> **ABOUT THIS TASK**
Two lines below mark the span: the one containing "KADEM For Honor" and the one containing "FOREO Hydrate &". Set down both, plus every line between, exactly as they stand, and nothing else.

> **RECORDED INFORMATION**
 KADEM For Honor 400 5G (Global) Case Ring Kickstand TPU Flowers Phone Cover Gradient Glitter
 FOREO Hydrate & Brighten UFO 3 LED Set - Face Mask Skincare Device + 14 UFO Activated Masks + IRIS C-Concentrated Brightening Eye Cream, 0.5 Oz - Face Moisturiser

---

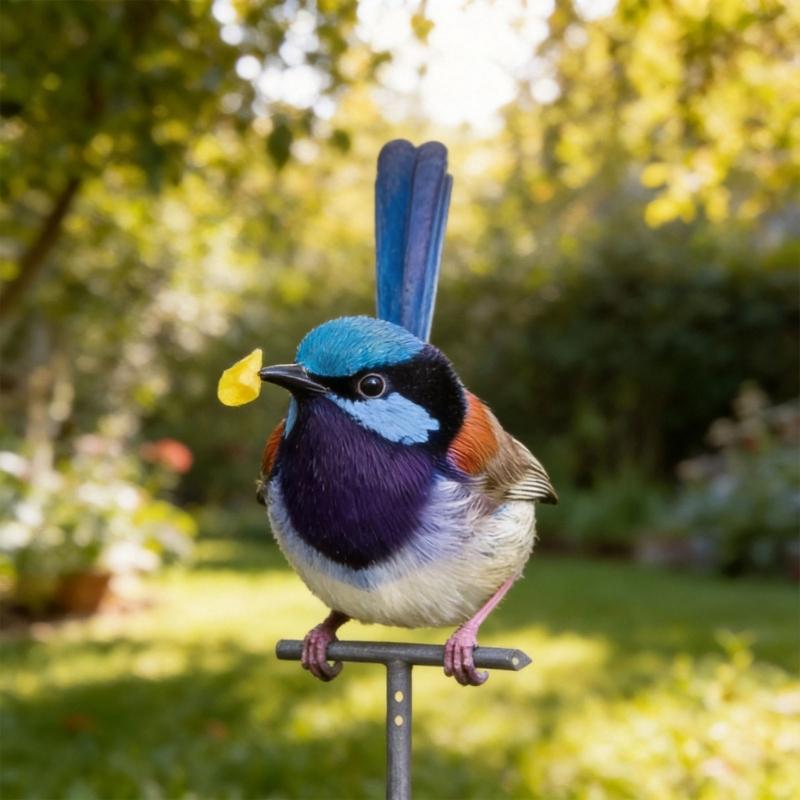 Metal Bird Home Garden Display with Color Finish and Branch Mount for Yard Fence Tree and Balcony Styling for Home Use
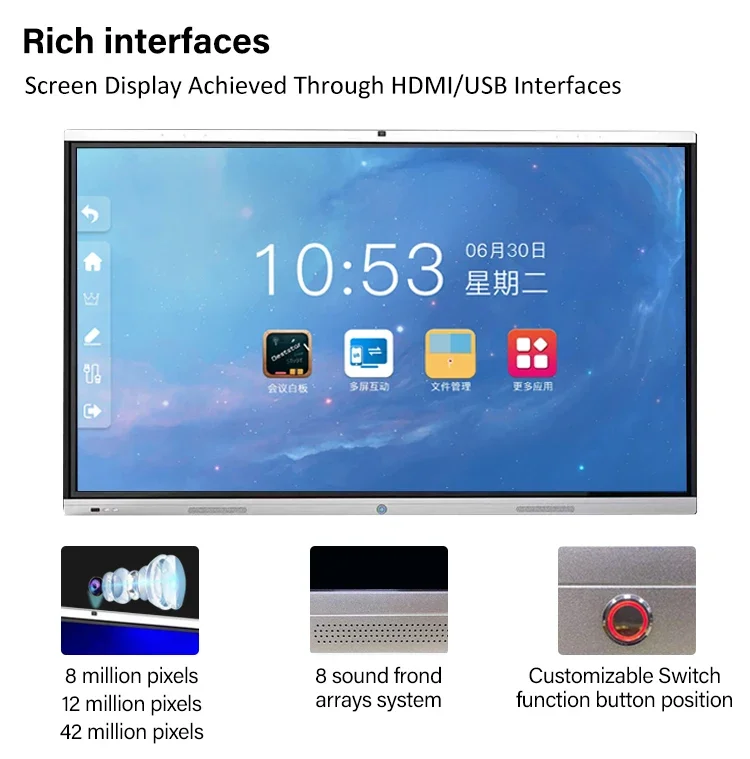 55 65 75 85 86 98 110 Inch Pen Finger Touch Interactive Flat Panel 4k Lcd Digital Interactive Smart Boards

> **TASK RESPONSE**
 KADEM For Honor 400 5G (Global) Case Ring Kickstand TPU Flowers Phone Cover Gradient Glitter
 FOREO Hydrate & Brighten UFO 3 LED Set - Face Mask Skincare Device + 14 UFO Activated Masks + IRIS C-Concentrated Brightening Eye Cream, 0.5 Oz - Face Moisturiser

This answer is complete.